Seré el primero en admitirlo: durante mis años de estudiante, nunca me agradó la química. Donde la física me parecía fascinante – provista de una simpleza y una elegancia que reflejaban con claridad la idea que tenía en mi cabeza sobre lo que debía ser la naturaleza – la química me daba la impresión desde el inicio de ser innecesariamente complicada, llena de factores y variables cuyas relaciones se mostraban totalmente inaccesibles. Del lado físico, la fuerza era igual a la masa multiplicada por la aceleración: un poder de predicción sin igual en una fórmula de apenas un centímetro. En la contraparte química, la mayor afrenta que podía concebir: la tabla periódica – colgada de manera solemne en la pared del aula – con decenas de cajas cuyo orden, color o motivo me eludían diariamente. Como lo mencioné en un post reciente, sospecho que el problema radicaba en la coherencia del discurso educativo. Después de todo, la tabla periódica es tan solo un compendio de átomos, desde el más simple arriba a la izquierda (el de hidrógeno, con tan solo un protón y un electrón), aumentando hacia la derecha y hacia abajo con cada protón que agregas al núcleo.
Por supuesto, agregar protones al núcleo atómico significa juntar dos cargas positivas, cosa que sabemos no es sencillo. Es por eso que la mayoría de los elementos más complejos que el hidrógeno (y un poco de helio) requieren la enorme presión del núcleo de las estrellas para producirse. Allí adentro hay tantísima fuerza y calor que los átomos se fusionan simplemente porque no les queda otra opción, dando como resultado el resto de los elementos, que eventualmente escapan para formar nuevos sistemas solares, planetas, y seres vivos que componen sinfonías y observan el cosmos con curiosidad.

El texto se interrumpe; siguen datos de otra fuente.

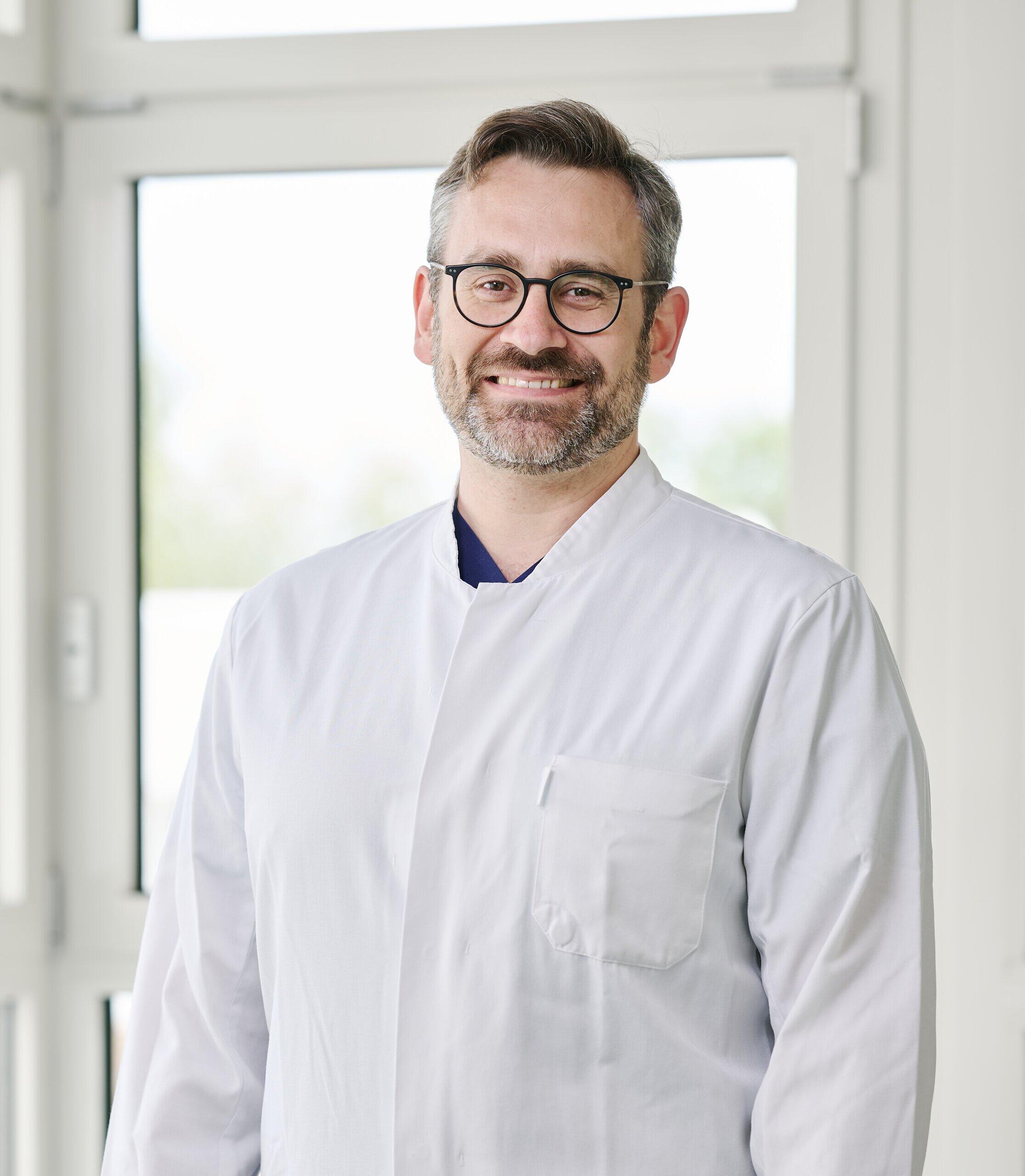 Dr Med Volker Burghausen Facharzt Für Orthopädie Klinikum Fürth stellt neuen Chefarzt der Frauenklinik vor - das sind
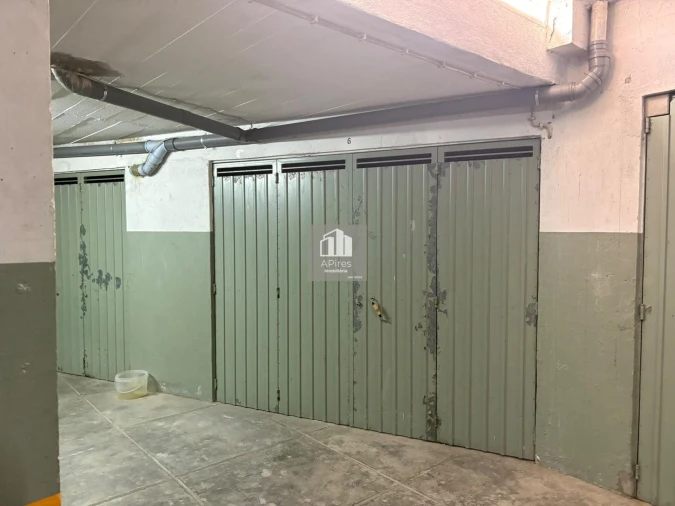 Garagem para Venda em Costa da Caparica Foto 2
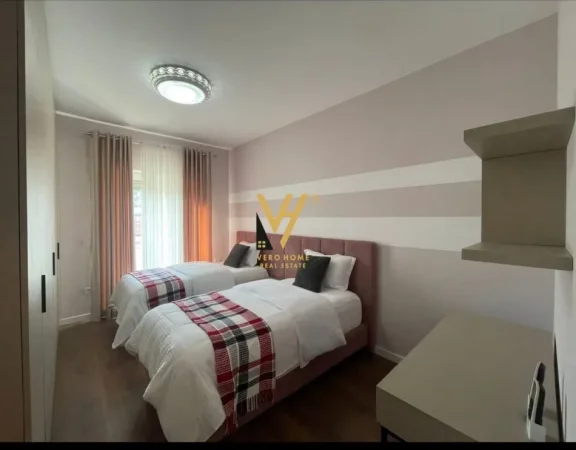 Tirane, jepet me qera apartament 3+1+Ballkon Kati 3, 143 m² 1.500 € (LIQENI I THATE)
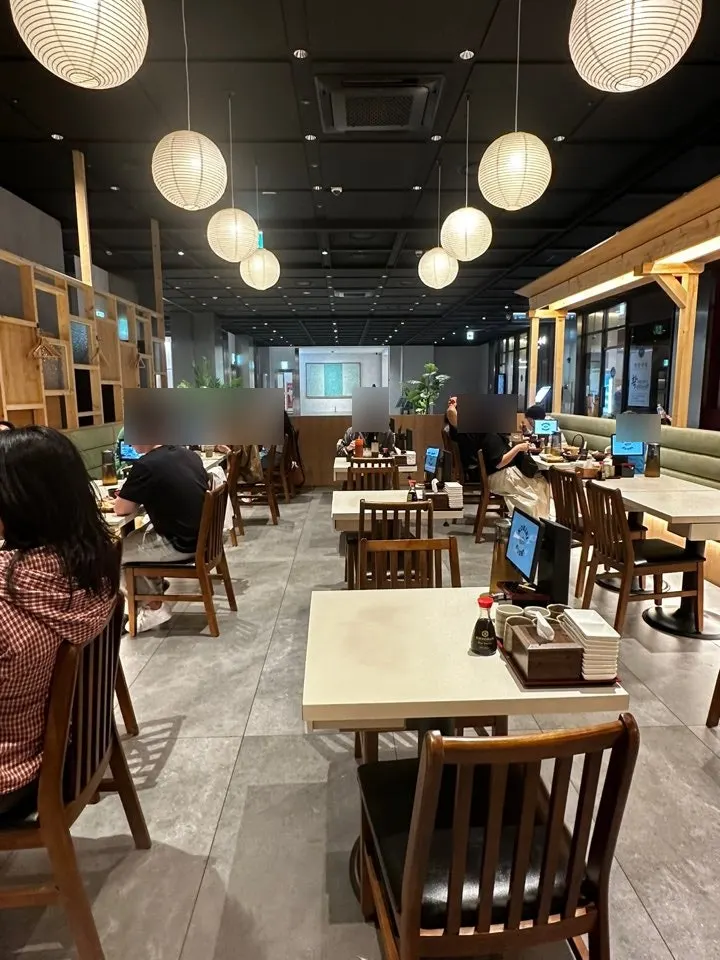 2- and 4-person table area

Ante este conocimiento, notaremos correctamente que no hay lugar para elementos intermedios en la tabla periódica (no se puede tener “medio protón” en un átomo), pero eso no indica que ya conozcamos todas las posibilidades – siempre podemos agregar más protones, y seguir alargándola hacia abajo. El problema es que los núcleos atómicos se vuelven inestables a medida que agregas más masa, razón por la cuál en La Tierra el elemento más masivo que se encuentra naturalmente es el uranio (con 92 protones); todo lo más pesado decae por radioactividad en cuestión de milisegundos. Aún así, podemos forzar su creación en un laboratorio. Un equipo internacional de físicos en Suecia produjo recientemente “ununpentio”, un elemento de 115 protones, haciendo colisionar elementos menos pesados a tal velocidad que lograran fusionarse. La Unión Internacional de Química Pura y Aplicada (IUPAC) está evaluando ahora los resultados, a ver si le ponemos un nombre más fácil de pronunciar.
Toda esta charla de producir nuevos elementos recuerda un poco a los sueños de la alquimia, que trataba de transmutar materiales en oro. Resulta que no estaban tan equivocados esos pensadores de la antigüedad; solo requerían de altísimos niveles de energía y una enorme capacidad computacional.
A Newton le habría encantado saberlo.